Given records
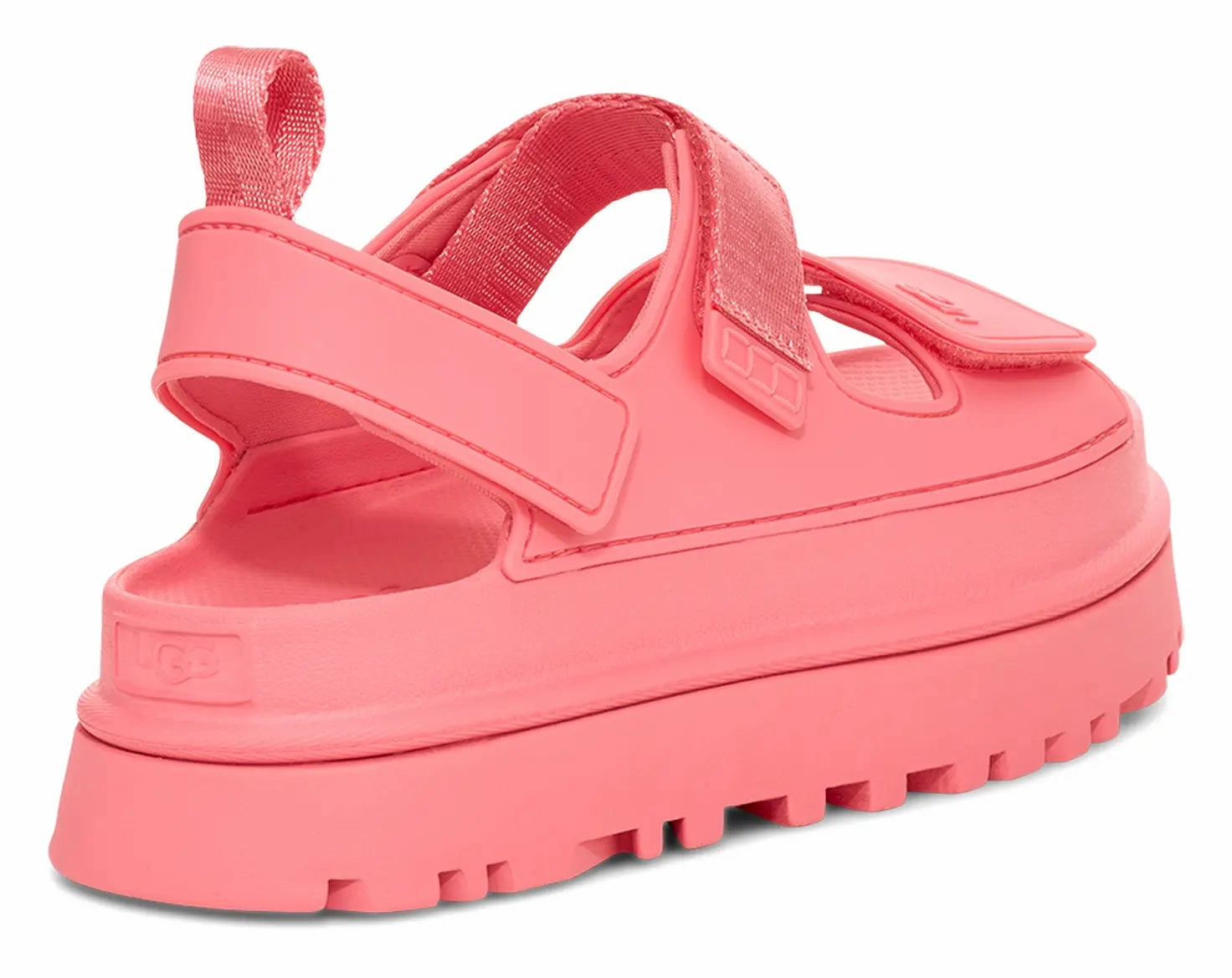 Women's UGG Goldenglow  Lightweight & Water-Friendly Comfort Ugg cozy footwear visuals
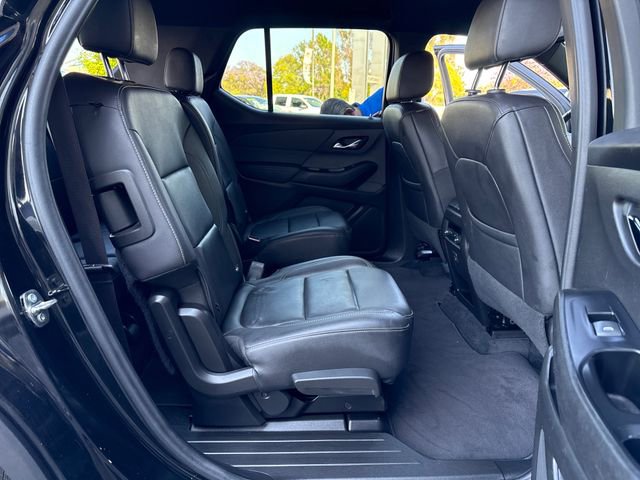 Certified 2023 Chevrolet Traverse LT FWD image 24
--
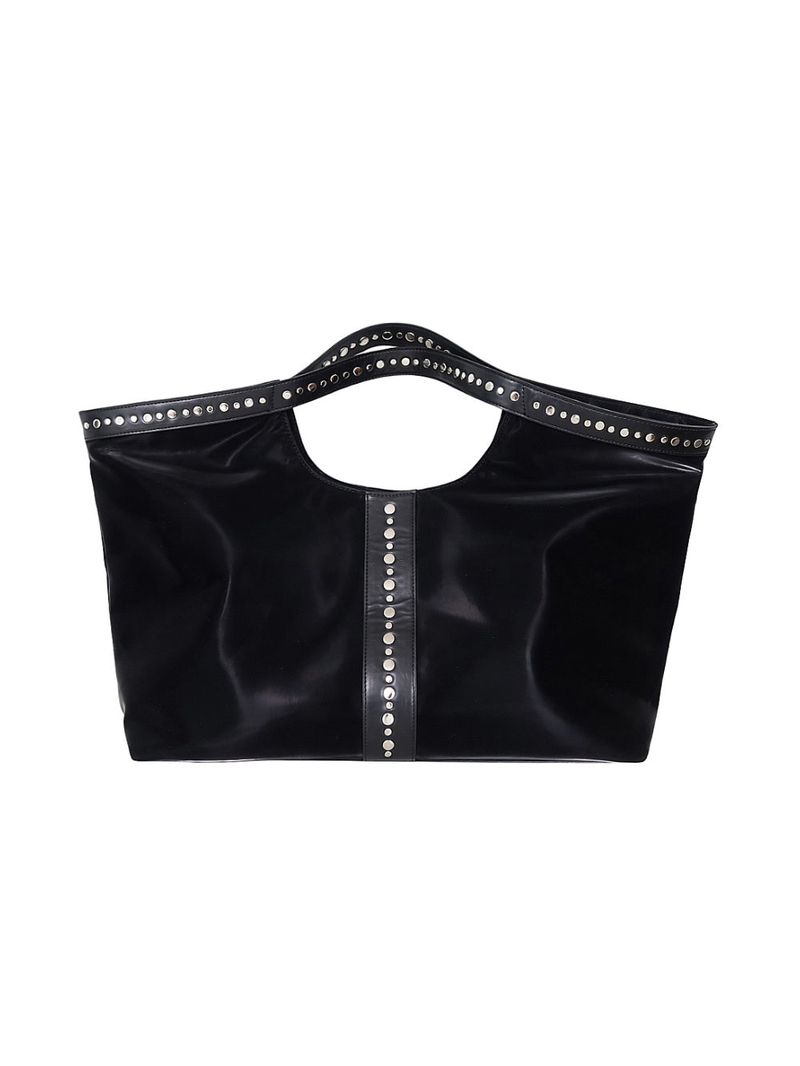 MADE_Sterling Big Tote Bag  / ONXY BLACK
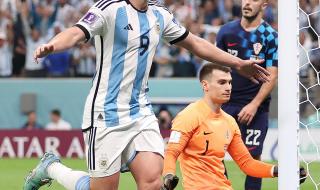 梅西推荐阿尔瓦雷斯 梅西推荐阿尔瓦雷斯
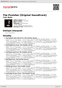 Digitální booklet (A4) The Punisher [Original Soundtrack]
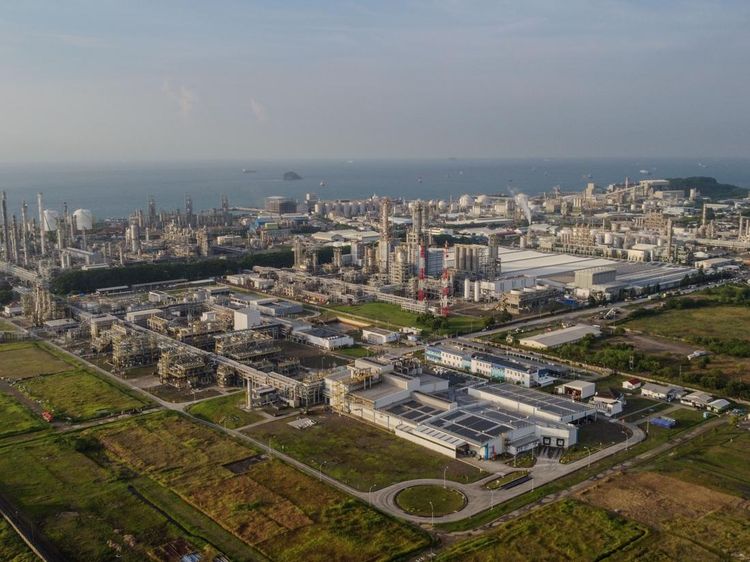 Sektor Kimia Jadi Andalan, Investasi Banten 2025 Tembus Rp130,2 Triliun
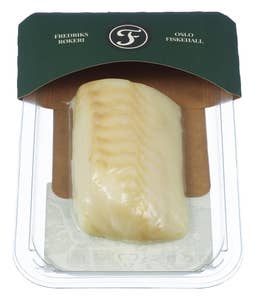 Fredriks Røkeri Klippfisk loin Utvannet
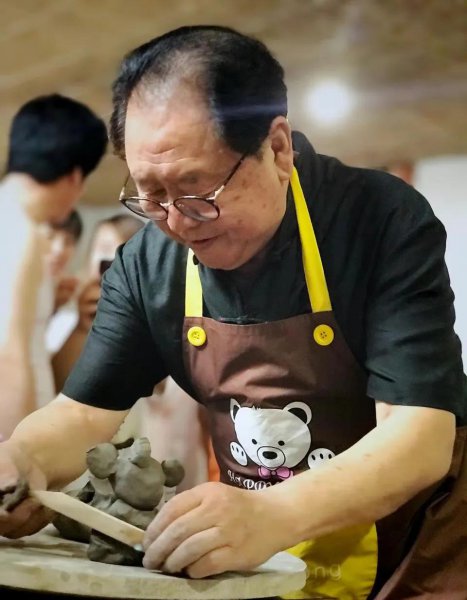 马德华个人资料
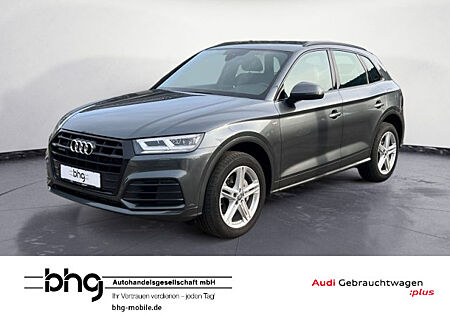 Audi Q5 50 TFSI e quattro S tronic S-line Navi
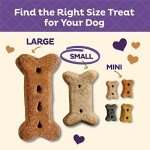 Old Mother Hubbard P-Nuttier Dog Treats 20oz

Assigned task
Both the line above containing "Women's UGG Goldenglow" and the line containing "Certified 2023 Chevrolet" belong in the copy, along with every line between them; print these exactly and omit the pictures.

Solution to this problem
 Women's UGG Goldenglow  Lightweight & Water-Friendly Comfort Ugg cozy footwear visuals
 Certified 2023 Chevrolet Traverse LT FWD image 24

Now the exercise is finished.